Yeah, figure an hour climb with all the drag. I think we're back in
business with the 747-200F though. The NASA 747-100 is an old
American Airlines bird with P&W JT9D-7F engines IIRC (about 50,000 lbs
thrust ea. engine and it pulls the drag of the space shuttle orbiter
O.K.) vs. 67,000 ea. engine for our 747-200 freighter with dash 7Q
engines.) So we're good to go again adding another 20,000lbs for the
new normal 1 hr clmb total and return plus reserves. If you don't
count the weight of the lifting body/orbiter we're back to a t/o
weight of 570,000lbs. That's a rocket ship in 747 land. We just need
to figure out the drag of your Kevlar/Carbon Fiber tow lanyard. Maybe
you can weave it like a kite with horizontal stablizers flaps so that
it too produces lift as you pay it out? Naw dumb idea, too draggy,
forget that part.

In fact, once the spacecraft is in high tow, it should be pulling up and
back (or up and out, in the slingshot portion of the flight). If things are
going right, in high tow, the spacecraft is always lifting the weight of the
tow cable that's extended, so as the tow line gets longer, the payload that
the 747's wing is lifting gets smaller. At peak altitude, the 747's wing
should only "see" the remaining fuel as a load. If the tow cable is pulling
down, then you haven't got enough tension in the tow cable. If you can't
increase the tension, then you've got too much line out.
But I expect the drag is going to be considerably higher than a stock 747.
20 km of cable an inch or so in diameter is going to be quite a bit of drag,
even at altitude. Thus my suggestion that some more engines (and higher
fuel burn) might be in order. Or do you need to throttle back a 747 at
altitude to keep the speed in limits?


As Han Solo freighter Captain said to Ben Obiwan Kenobi: "She's fast
enough for you old man."

Empty, we flew the -249 model to FL430 one day, kept it at MCT power
and had to pull it back to keep it from busting through the MMO limit
of .92 Mach. I saw .94 on the Capt's Mach at one point. The mach
tuck was tremendous over .88. The a/p mach cruise trim motor took off
like a horse. Think about that for a minute. An airplane that big
that will cruise at .92 mach. It's now the fastest transport in the
world. That's why I laughed when the (now sacked) Boeing CEO Condit
introduced the Sonic Cruiser. What a dull machine. It wasn't really
any faster than a stock 747 (abeit empty at MCT.) No you want a 747
for this. C5's can't go as fast or as high and can't approach the
load. The AN-124 has more power but again is slow and draggy.

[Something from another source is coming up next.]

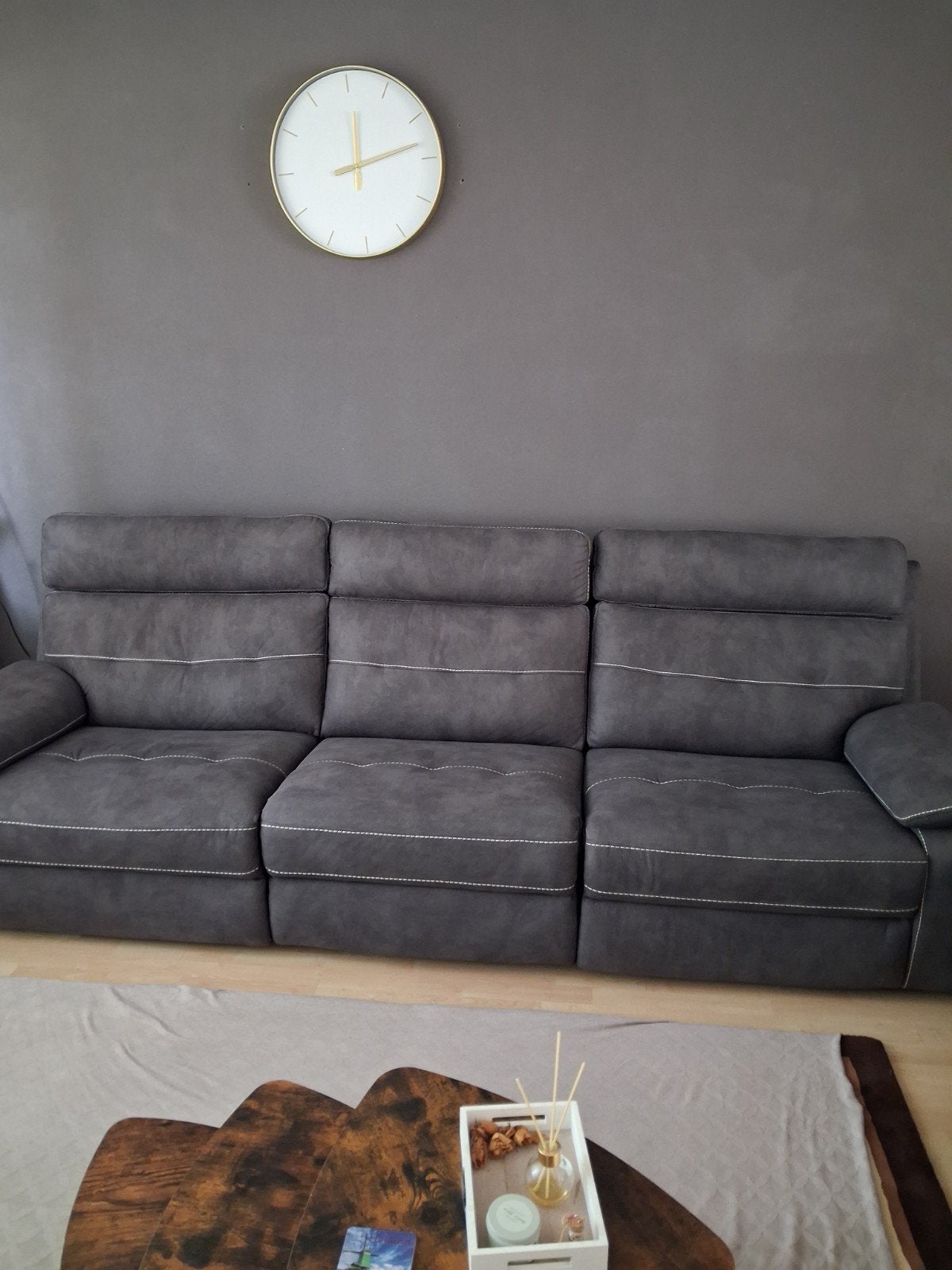 Grijze driezitsbank met relaxfunctie, Modern met relaxfunctie, Gebruikt, Driepersoons, 75 tot 100 cm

I'm sure that after the publicity of the SpaceShip1 flight, Rutan is getting
all the hare-brained ideas that he can use via email, snail mail and
telephone. As I mentioned in the first post, Kelly Aerospace is working on
a tow-to-altitude and launch scheme, so some of the idea isn't new, anyway.

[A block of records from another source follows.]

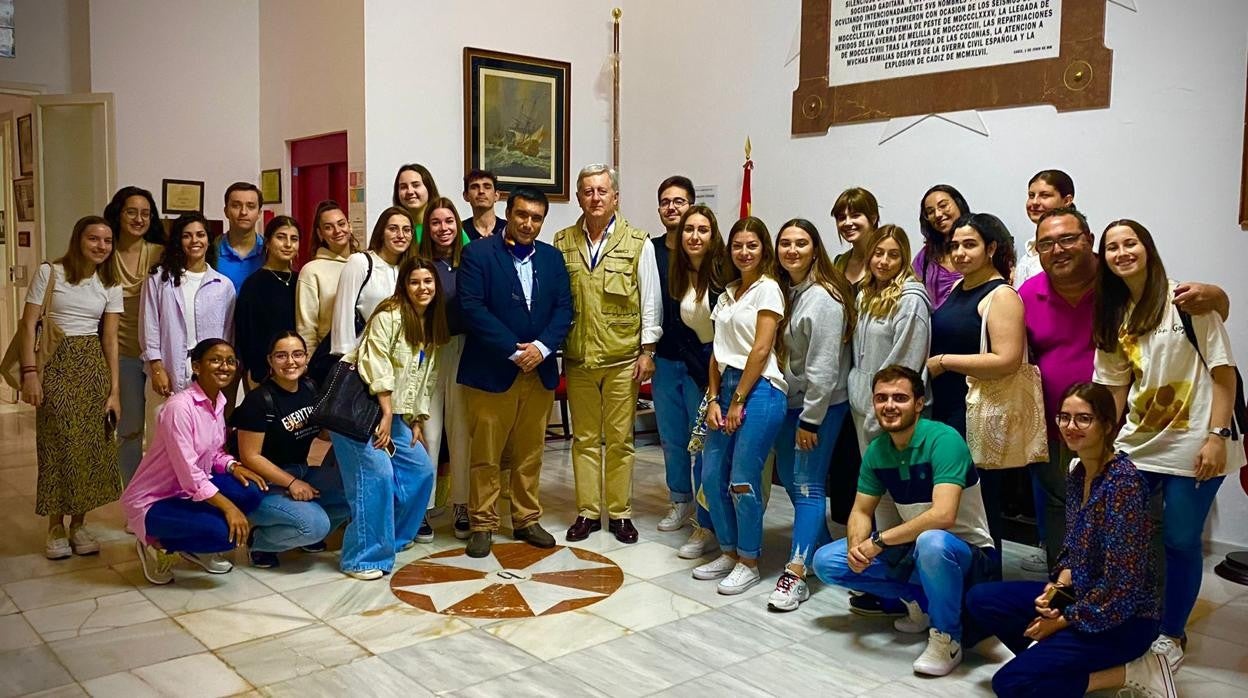 Visita de los alumnos de &#039;Salus Infirmorum&#039; a los Caballeros Hospitalarios en Cádiz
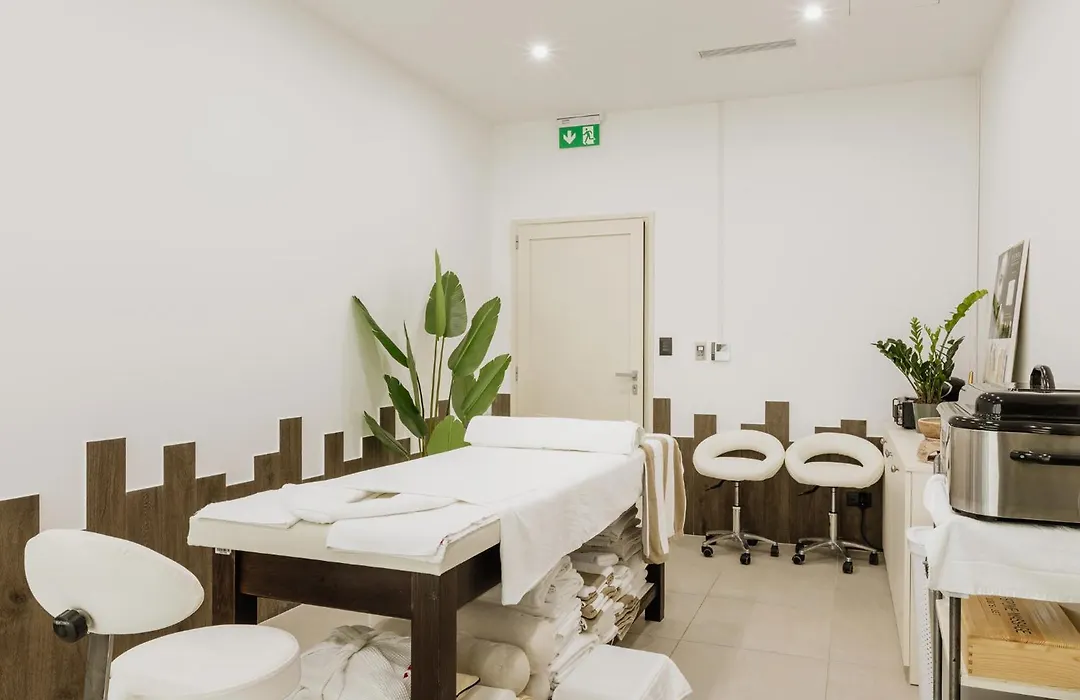 Boutique Hotel Nautica - Spa & Wellness, Free Parking, Pet Friendly-1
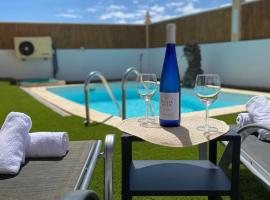 Beach Villa private heated pool, holiday home in Caleta De Fuste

Don't discount this idea. Rutan picked up a lot of his crew from guys
who mailed in hair-brained ideas. John Ronz (sp?) corrected Burt on
his selection of laminar airfoils via mail and became a fixture at
Scaled. If you pointed something like this out at Nasa as a junior
engineer they'd probably laugh in your face and stick you on designing
space toilets for daring to upstage the gov turds who are entrenched
there. In the wake of SS1 the NASA Administrator O'Keef or something,
is completely reorganizing the agency to foster the kind of ingenuity
that SS1 has. Watched it on the NASA channel a couple of days ago.
They are reeling from the SS1 success. But moving desks around is not
going to make Nasa like Scaled IMHO.


I wonder about the flight dynamics of a 20 km tether. I don't think anyone
has modeled anything like that. Why would they?

But a reusable 747 "first stage" that could get the "second stage" to
100,000 feet, albeit only at a little below Mach 1 (I think the drag would
go WAY up if the tether went supersonic!) is certainly cool to think about.

Tim Ward


It's more than cool Tim. It's the way to open a commercial spaceport
with private ships bound for the New World. I think you're on to
something here. We should ask Dave Hyde or somebody (does he do aero
equations?) to get his buddies to model the drag on a 20km tether. If
the data is good, I know an engineer at scaled that will look at it.